Superhero fiction is somewhat unique among speculative fiction subgenres in that it exists almost exclusively in visual formats.  Comic books, movies, TV shows.  There are the occasional radio show or novel, but they are definitely in the minority.  Some alternative names for this subgenre include Superhuman and Super-powered fiction as villains tend to feature as prominently as the heroes.

It also crosses the boundary between science fiction and fantasy, like many of these subgenres do.  At first glance, a lot of it is science fiction: characters like Batman and Ironman depend on advanced technology, Superman is an alien from another planet, the Green Lantern is just one of many throughout the galaxy.  But there are also more fantastical characters such as Thor (who is the Norse God), and Wonder Woman, and some of the things that both the heroes and the villains get up to have absolutely no basis in science.

This is a very trope-y subgenre, for the most part.  There are the Superheroes.  There are their nemeses, the Supervillains.  They all tend to have silly names.  Most have mild-mannered (or not) alter egos.  Some are more obvious than others.  (Clark Kent, of course, wears glasses while Superman does not.  Batman is at least smart enough to wear a mask.)  Increasingly, superheroes all seem to live in the same universe, allowing them to participate in a number of crossovers with other superheroes, and leading to series such as the Justice League or the Avengers.

While the DC and Marvel characters are probably the most well-known, there are an increasing number of non-mainstream characters, produced through webcomics and indie presses.

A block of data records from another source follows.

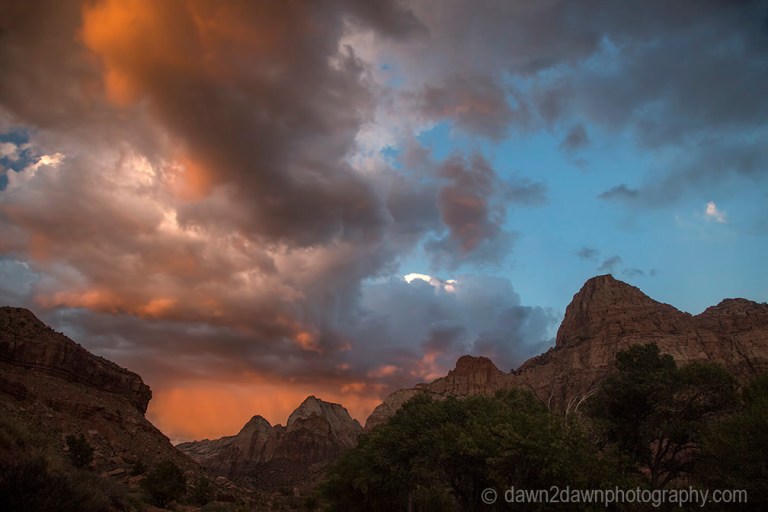 The sun sets on Zion Canyon and some stormy clouds at Zion National Park, Utah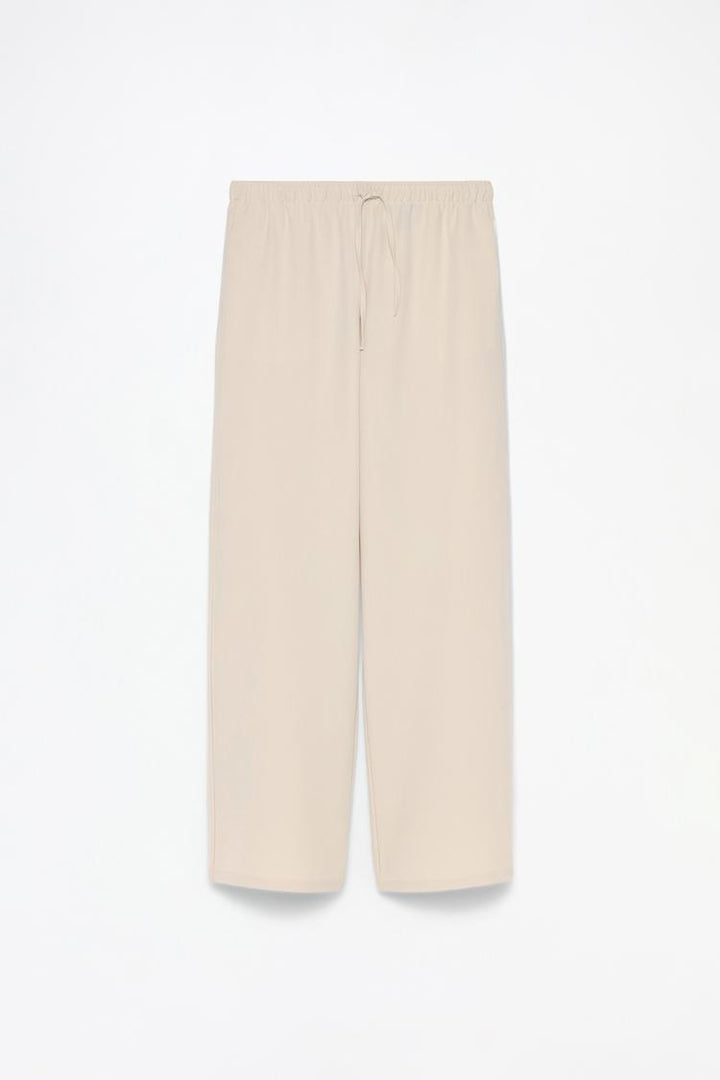 Full product shot of beige wide-leg smart trousers, highlighting their sophisticated style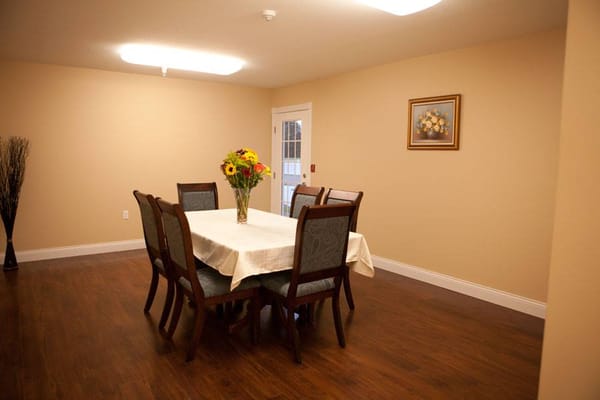 Dining room setup with a table and chairs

Perhaps the most interesting thing about this genre is that it is constantly evolving, the characters being re-done and updated to meet the concerns of each age they find themselves a part of.  The modern Superman is very different from the 1940s Superman, because we worry about different things than they did back then.  There’s also been a trend lately of creating antiheroes or adding darker twists to superheroes’ backgrounds, or more media focusing on the villains instead of the heroes.

What’s your take on superheroes, Squiders?  Anything to recommend?  (I’m partial to Batman myself).  Read any books in this genre?